Около этого времени скончался принц Конде, про которого можно сказать только то, что он был отцом герцога Энгиенского, называемого с этого времени, в свою очередь, принцем Конде или просто принцем.
ГЛАВА XIV. 1647 — 1648
Очерк военных действий. — Мазаньело в Неаполе. — Герцог де Гиз желает стать Неаполитанским королем. — Любовь де Гиза к м-ль де Пон. — Шелковый чулок. — Склянка с лекарством. — Белый попугай. — Ученые собаки. — Успехи де Гиза в Неаполе. — Падение де Гиза. — Спокойствие во Франции. — Племянницы и племянники Мазарини. — Поль де Ганди. — Племянница булавочницы. — Ганди восстанавливает против себя Ришелье. — Путешествие Гонди в Италию — Игра в шары. — Ганди представляется Луи XIII. Ганди становится коадъютором. — Его щедрость. — Бунт по случаю новых налогов. — Новые указы. — Сопротивление должностных лиц.Между тем время шло, война продолжалась за границей, а вражда между регентшей и парламентом все более усиливалась. Голландские Соединенные провинции, подстрекаемые Испанией, отделились от Франции. Принц Конде занял в Испании место графа д'Аркура, но несмотря на храбрость солдат, которых он повел на приступ Лериды, он был отражен неприятелем; маршал Гассион был ранен при Лане и умер от ран; наконец, Неаполь взбунтовался по призывам Мазаньело, рыбака из Амальфи, который 25 лет был лаццарони, три дня королем, 24 часа сумасшедшим и, наконец, убит теми, кто был его сотоварищами в рыболовстве, королевской власти и сумасбродстве, Тотчас все мелкие принцы Италии стали домогаться короны, упавшей с головы лаццарони; к ней протянул свою руку и наш старый знакомый герцог де Гиз, которого мы на время потеряли из виду, но о котором, с разрешения читателя, поговорим снова, чтобы увидеть его новые шалости, не менее любопытные, чем нам уже известные.

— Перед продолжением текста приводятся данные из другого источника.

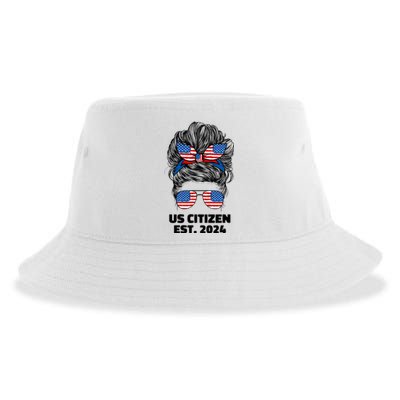 New Us Citizen Est 2024 Citizenship American Usa Women Wife Sustainable Bucket Hat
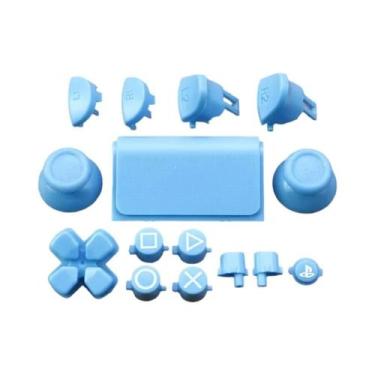 Imagem de Conjunto Completo De Botões E Joysticks Para Controle PS4 pro Slim, Ca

Влюбившись сначала в настоятельницу монастыря в Авенэ, потом в ее сестру, принцессу Анну, женившись сначала на последней в Невере, а затем на графине Боссю в Брюсселе, обожая некоторое время герцогиню Монбазон, наш экс-архиепископ окончательно влюбился в м-ль де Пон.
Прелестная и умная, м-ль де Пон принадлежала к свите королевы. У нее была хорошего рисунка стройная талия и приятное выражение лица, слишком, быть может, румяного, но то, что модницам того времени, сообщавшим свежесть своему лицу посредством румян, казалось недостатком, в глазах де Гиза было достоинством, и потому он не замедлил объясниться ей в любви. Честолюбивая девушка, видя в этом объяснении средство вступить в связь с последней ветвью владетельного дома, дала понять принцу, что она недолго останется равнодушной к его страсти, если эта страсть будет доказана на деле.